Consecuentemente, ordenó revocar el beneficio de libertad provisional de que venía gozando el mencionado, para lo cual libró la respectiva orden de captura en su contra. 7.- Interpuesto recurso de reposición y en subsidio apelación contra la anterior determinación, el primero fue resuelto el pasado 11 de agosto confirmando la decisión, exponiéndose -como quiera que el tema fue materia del recurso- que la prueba obrante en el plenario es indicativa de que en los hechos por los cuales se procede constituyen grave violación de los derechos humanos y, por ende, la competencia radica en la jurisdicción ordinaria.

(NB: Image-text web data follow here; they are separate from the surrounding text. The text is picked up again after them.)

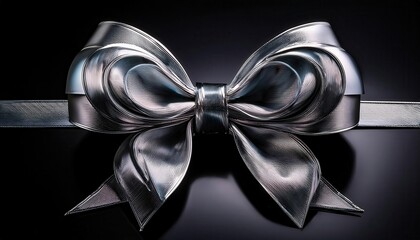 Elegant Metallic Silver Ribbon Bow on Black Background. Stunning Representation of Luxury, Modern Design, and Holiday Gift Wrapping Aesthetics for Branding, Festive Packaging, and Decor Concepts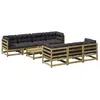 Image de Salon de jardin modulable vidaxl bois massif 8 pieces 70 x 70 x 67 cm 2 personnes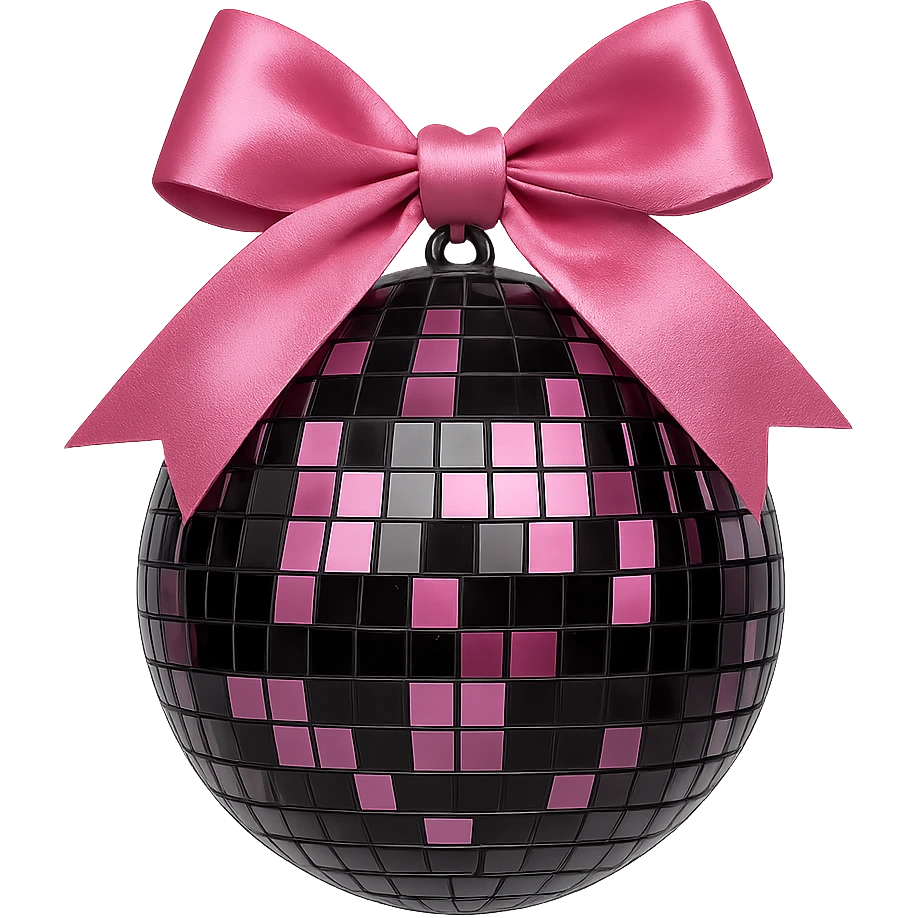 black pink disco ball with bow , remove background emoji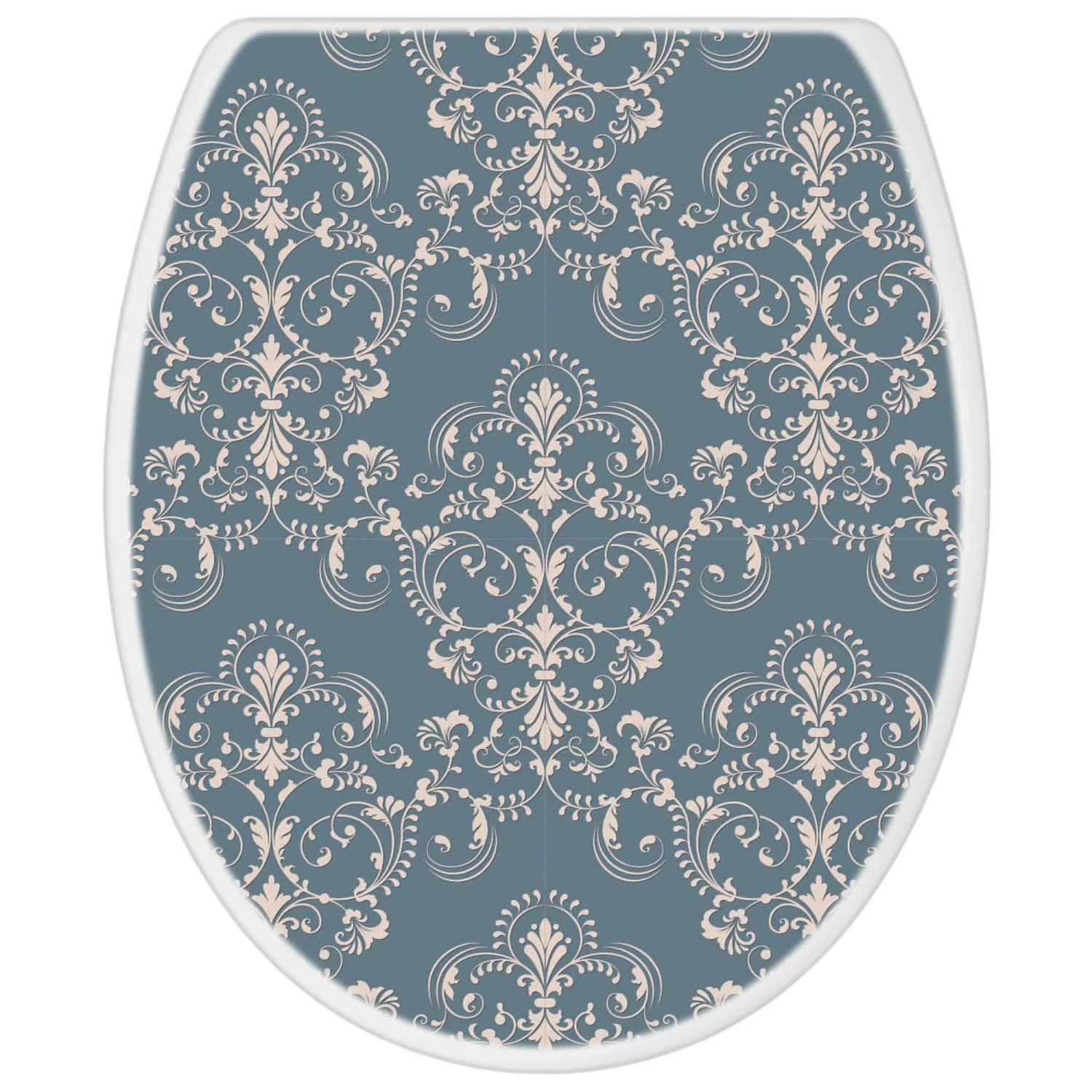 Banjado WC-Sitz Royal Creme Blau mit Absenkautomatik, Duroplast, Motiv, einfache Montage.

Actualmente está pendiente de resolverse el recurso vertical impetrado como subsidiario contra esta determinación. 8.- El pasado 16 de noviembre, el ciudadano OMAR EFRÉN PARDO PARDO instauró acción de habeas corpus, argumentando que se le ha privado de la libertad con violación de las garantías constitucionales y legales, pues el funcionario que dispuso la privación no es el competente (juez natural), ya que de conformidad con la decisión del 26 de noviembre de 1998, proferida por la Sala Disciplinaria del Consejo Superior de la Judicatura, la competencia del asunto es de la jurisdicción penal militar, decisión que constituye ley del proceso. 9.- Con auto de esa misma data, un Magistrado del Tribunal de Sincelejo avocó el conocimiento de la acción. Al día siguiente, la resolvió en el sentido ya indicado, siendo impugnada por el ciudadano signatario de la petición de habeas corpus.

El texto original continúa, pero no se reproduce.